#### [PROVIDED RECORDS]
- - -
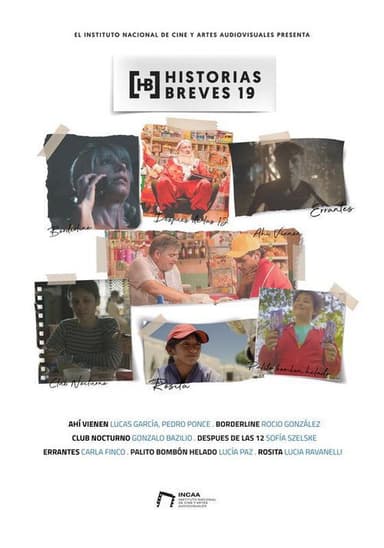 Historias breves 19 poster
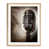 Natural Single Picture Framed Paper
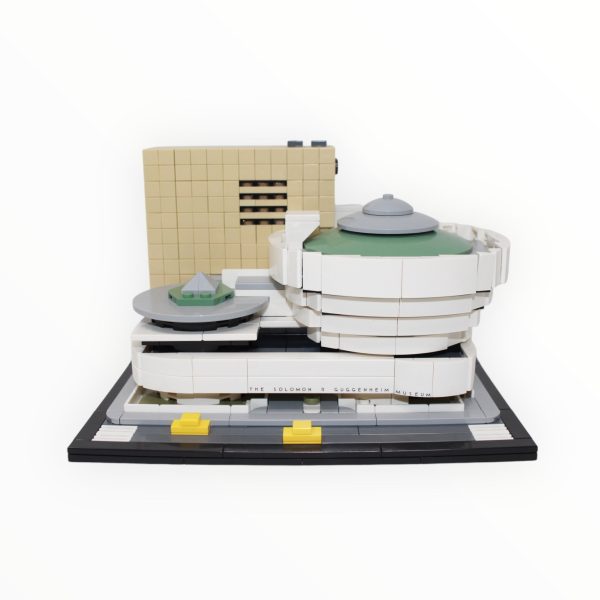 Used Set 21035 Architecture Solomon R. Guggenheim Museum Sale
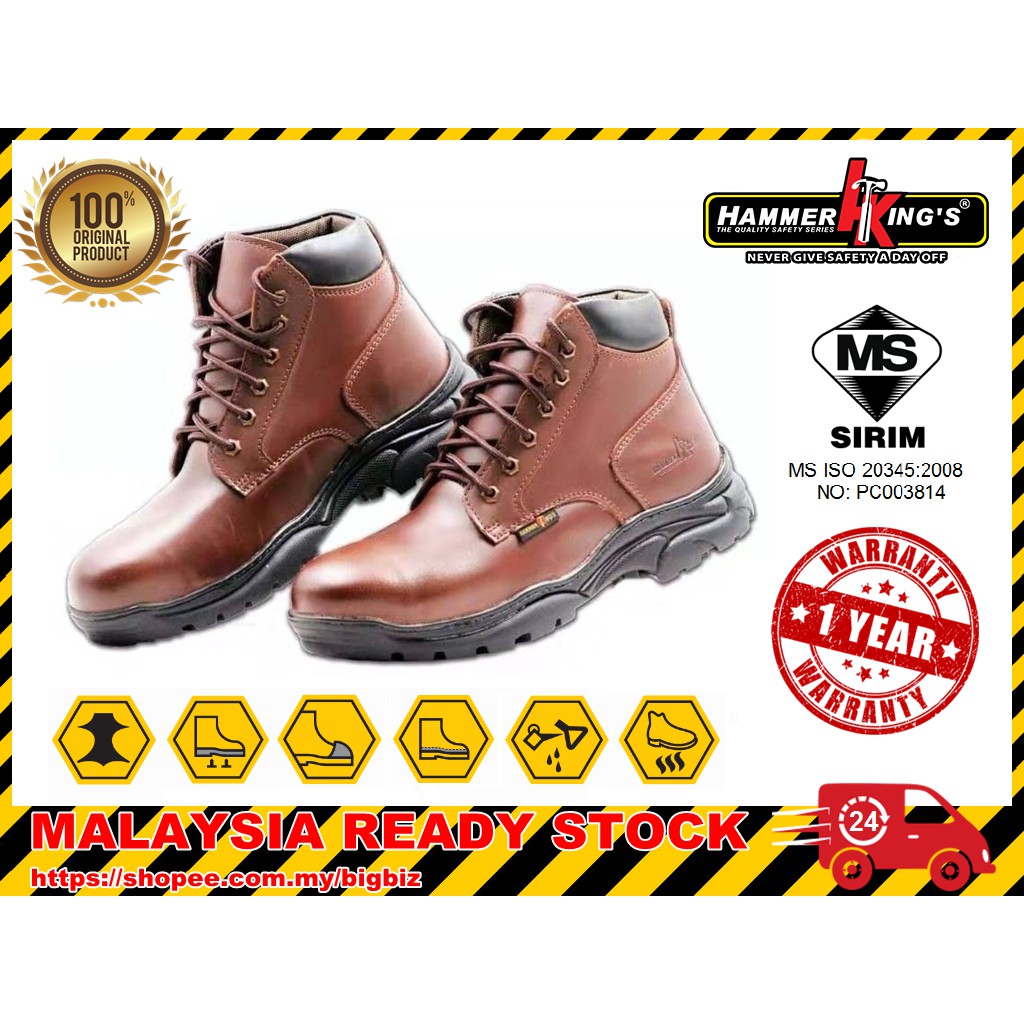 safety boot malaysia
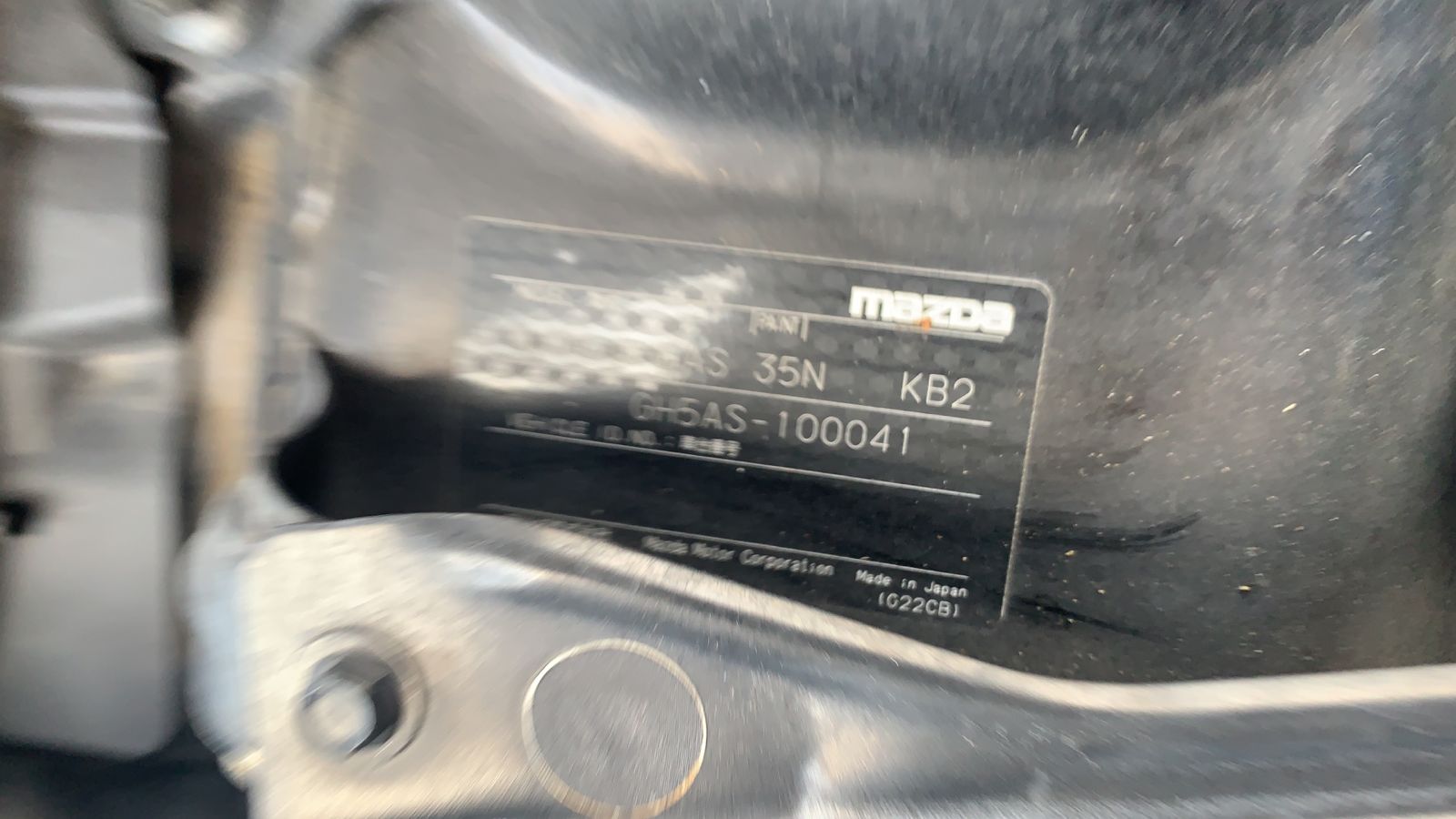 педаль газа Mazda Atenza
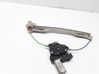Front door window regulator with motor 1060281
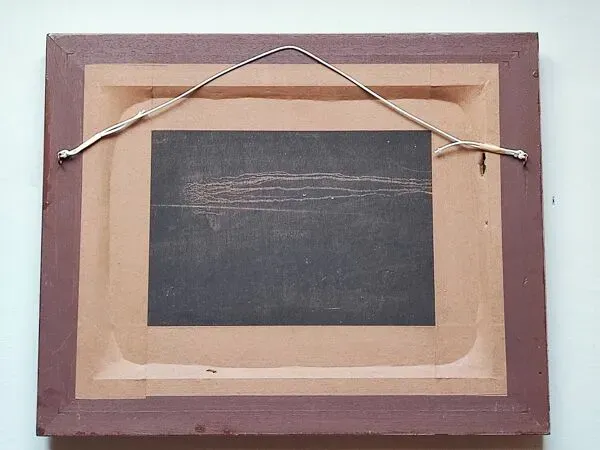 Illustration numéro 2 du produit Peinture à l'huile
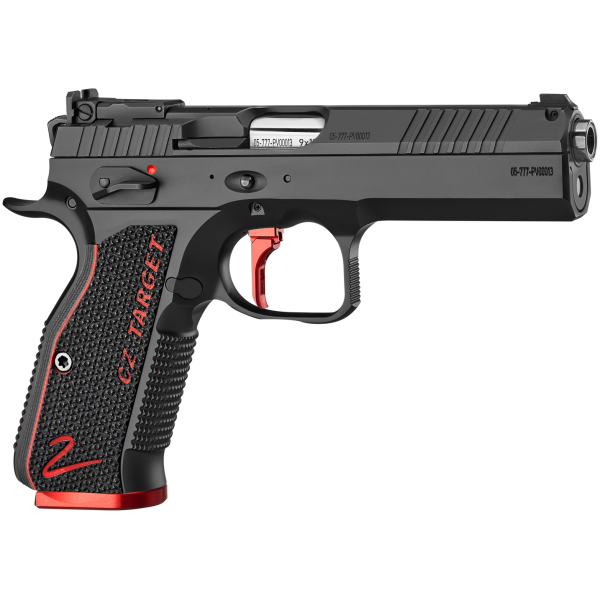 CZ - Pistole / Shadow 2 Target / 9mm Para / 17 Schuss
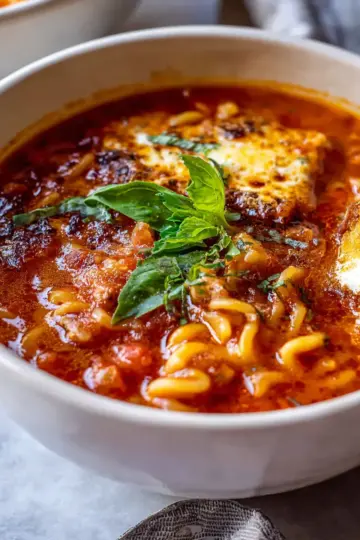Lasagna Soup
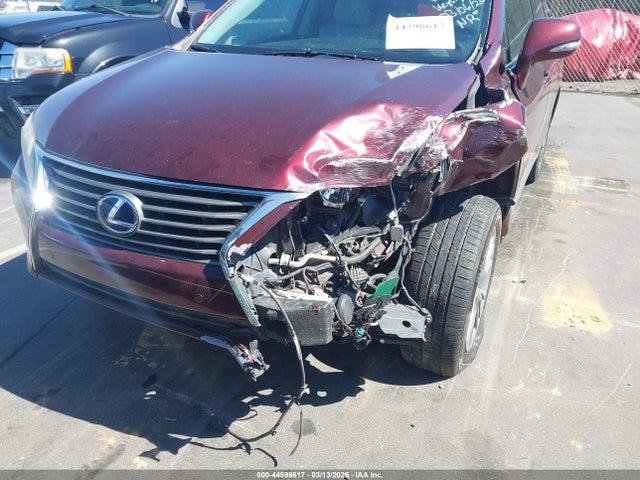 Aukcja sprzedaży 2013 Lexus Rx 450h, vin: JTJZB1BA2D2009335, numer aukcji: 44598617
- - -
#### [PROBLEM DETAILS]
From the material above, reproduce everything verbatim except the pictures.

#### [YOUR RESPONSE]
 Historias breves 19 poster
 Natural Single Picture Framed Paper
 Used Set 21035 Architecture Solomon R. Guggenheim Museum Sale
 safety boot malaysia
 педаль газа Mazda Atenza
Front door window regulator with motor 1060281
 Illustration numéro 2 du produit Peinture à l'huile
 CZ - Pistole / Shadow 2 Target / 9mm Para / 17 Schuss
Lasagna Soup
 Aukcja sprzedaży 2013 Lexus Rx 450h, vin: JTJZB1BA2D2009335, numer aukcji: 44598617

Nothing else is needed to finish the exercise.